Problem to solve
In the records below, find the line containing "Laughing Gull - ML643157872" and print it and every line after it exactly, through the end. Skip pictures.

Image-caption web data
• • • • • • •
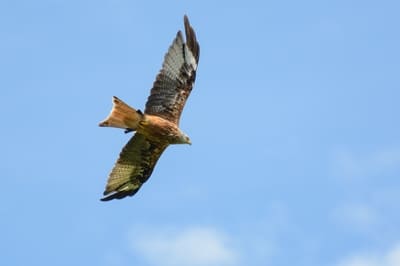 Red Kite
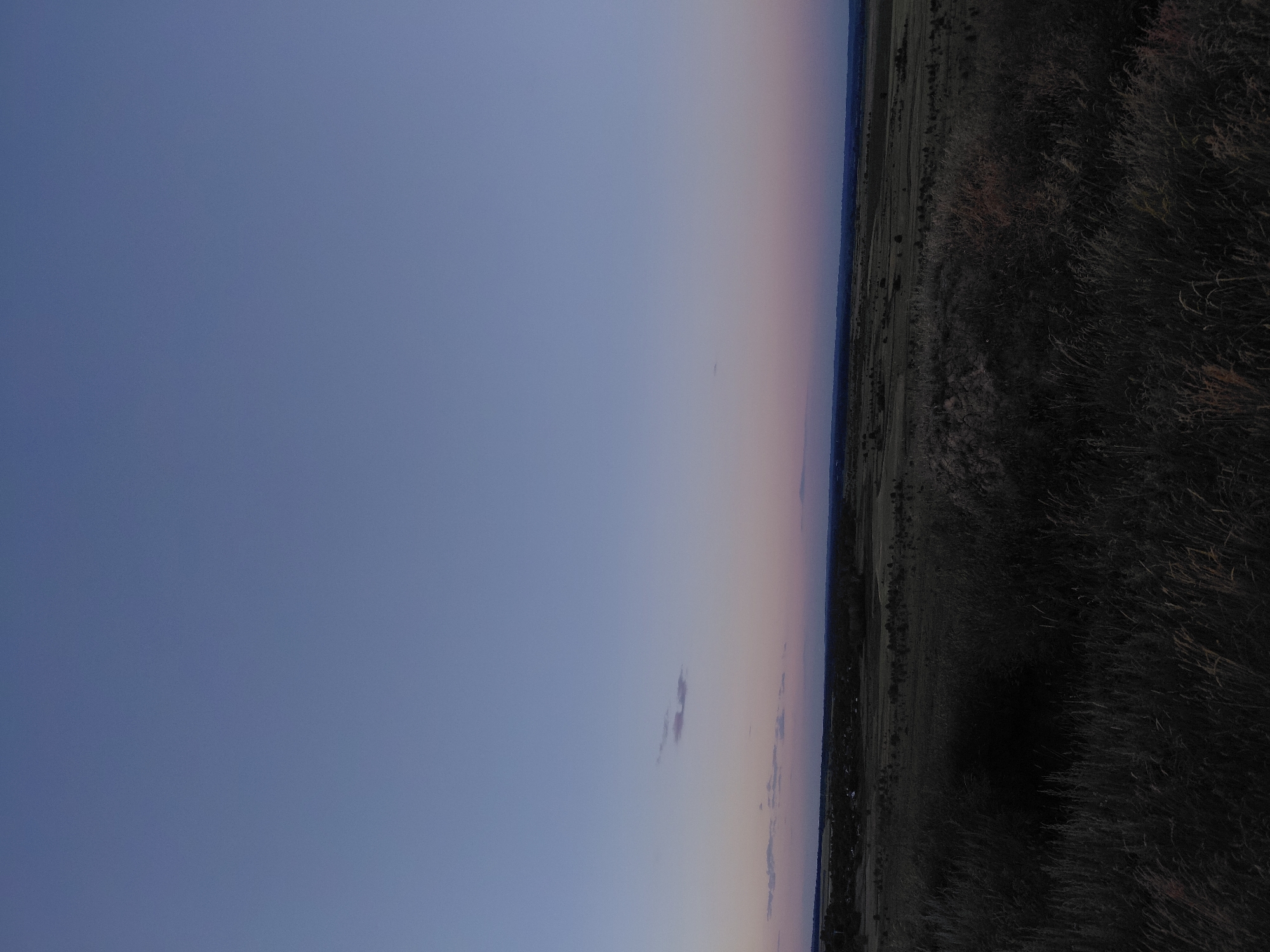 Paragliding hilltop at dusk, Ukrainian flag, sunflower fields below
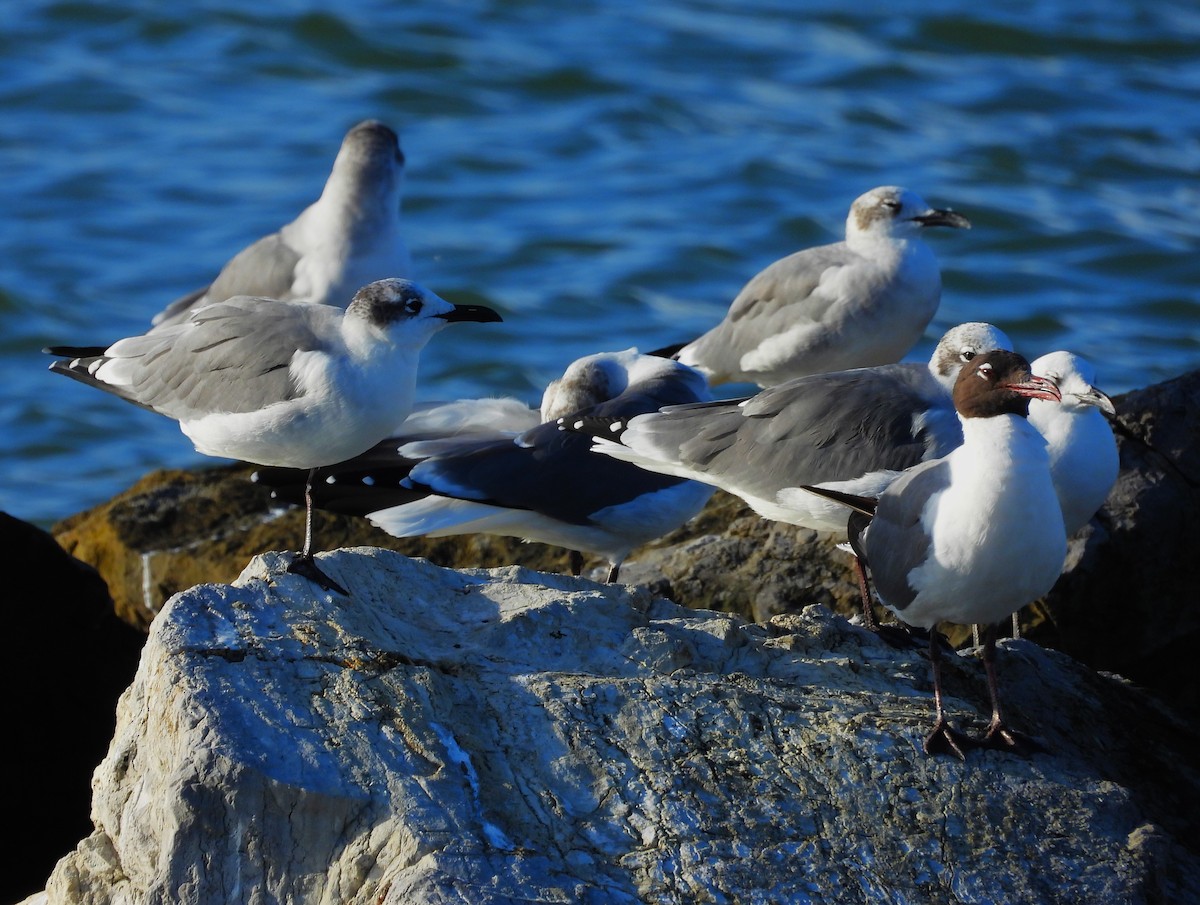 Laughing Gull - ML643157872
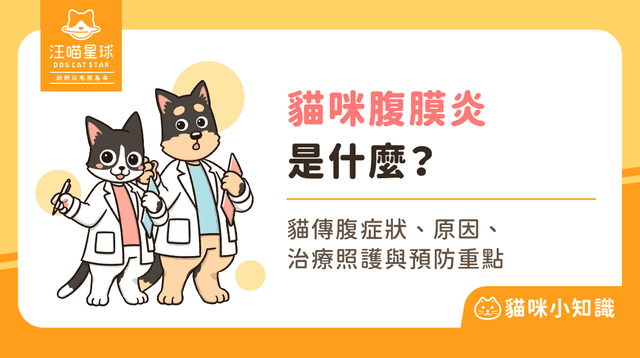 貓腹膜炎是什麼？貓 FIP 症狀、傳染途徑與治療費用總整理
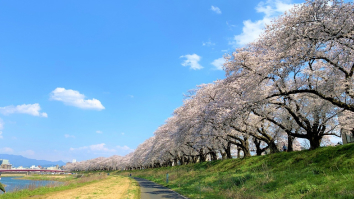福井県 福井市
• • • • • • •
Exercise result
 Laughing Gull - ML643157872
 貓腹膜炎是什麼？貓 FIP 症狀、傳染途徑與治療費用總整理
福井県 福井市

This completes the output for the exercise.